There is a thesis that, at some point, when we achieve AGI, the curve of intelligence will go vertical, leaving humanity behind like galaxies at the edge of the universe accelerating away at faster-than-light speed.
The counter-argument to this is that AI operates in two distinct loops. There is an inner loop of seemingly exponential technological progression. A realm where LLMs make cognitive leaps that even their designers no longer understand. Then there is the outer loop, the human layer that involves defining boundaries and assessing risks.
Despite the speed of AI-automated "inner loops," the ultimate velocity of progress will, hopefully, still be controlled by the human outer loop.
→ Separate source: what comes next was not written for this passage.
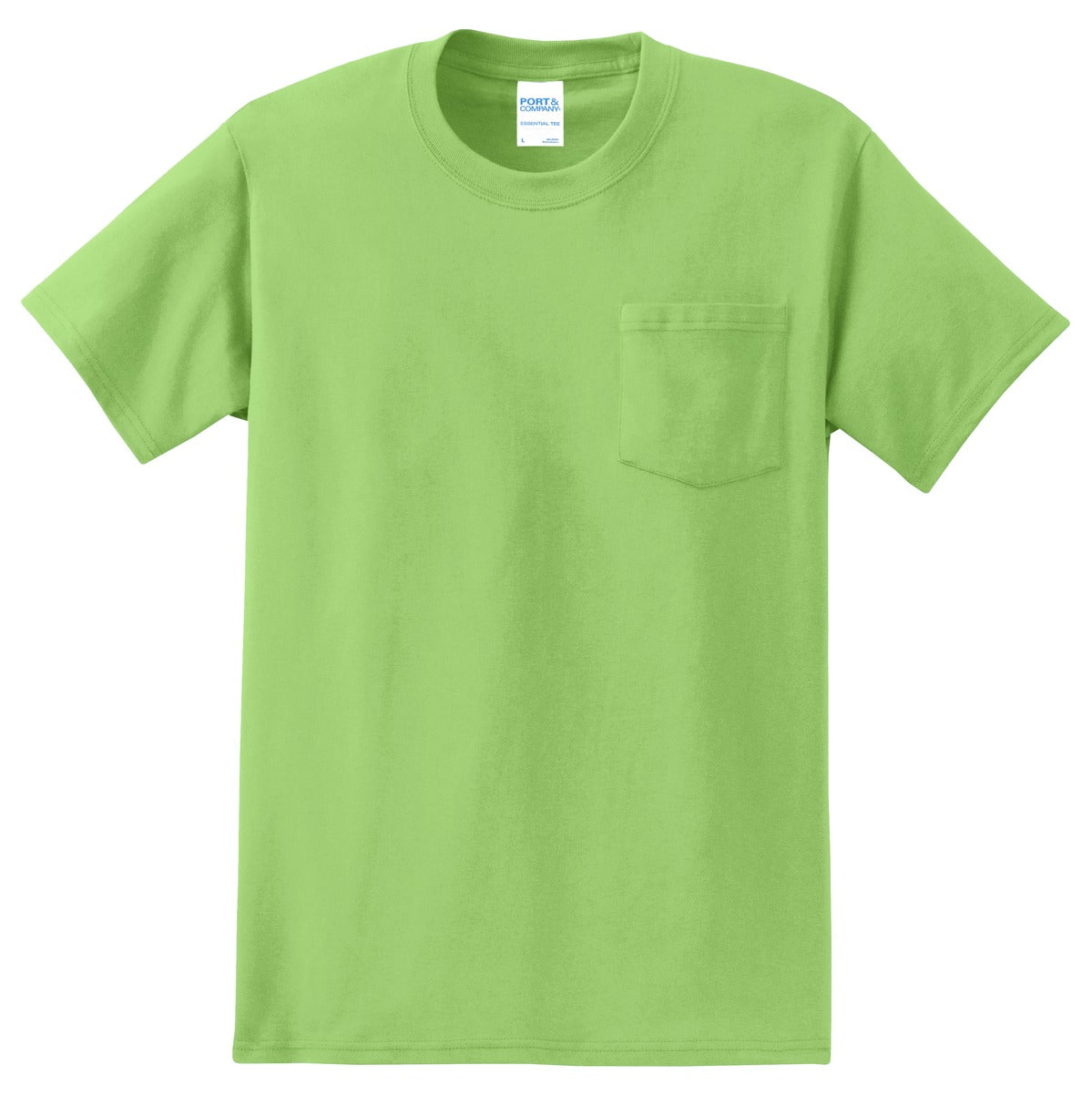 Front View of Lime Port & Co Essential Pocket Tee. PC61P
For the past couple of years constraints have been stripped away and we have seen an arms race towards ever more powerful frontier models. However, it seems as though the power of models such as Mythos has had a sobering effect. Even the de-regulation purists are baulking at the thought of bad actors exploiting technology this powerful.
This is my take – and arguably it is an optimistic one – i.e. that governance will prevail over a catastrophic free-for-all. Some of the most eminent voices in the field have predicted much darker outcomes. Which of these two scenarios will materialise – we don’t know. The future, like our AI, is non-deterministic.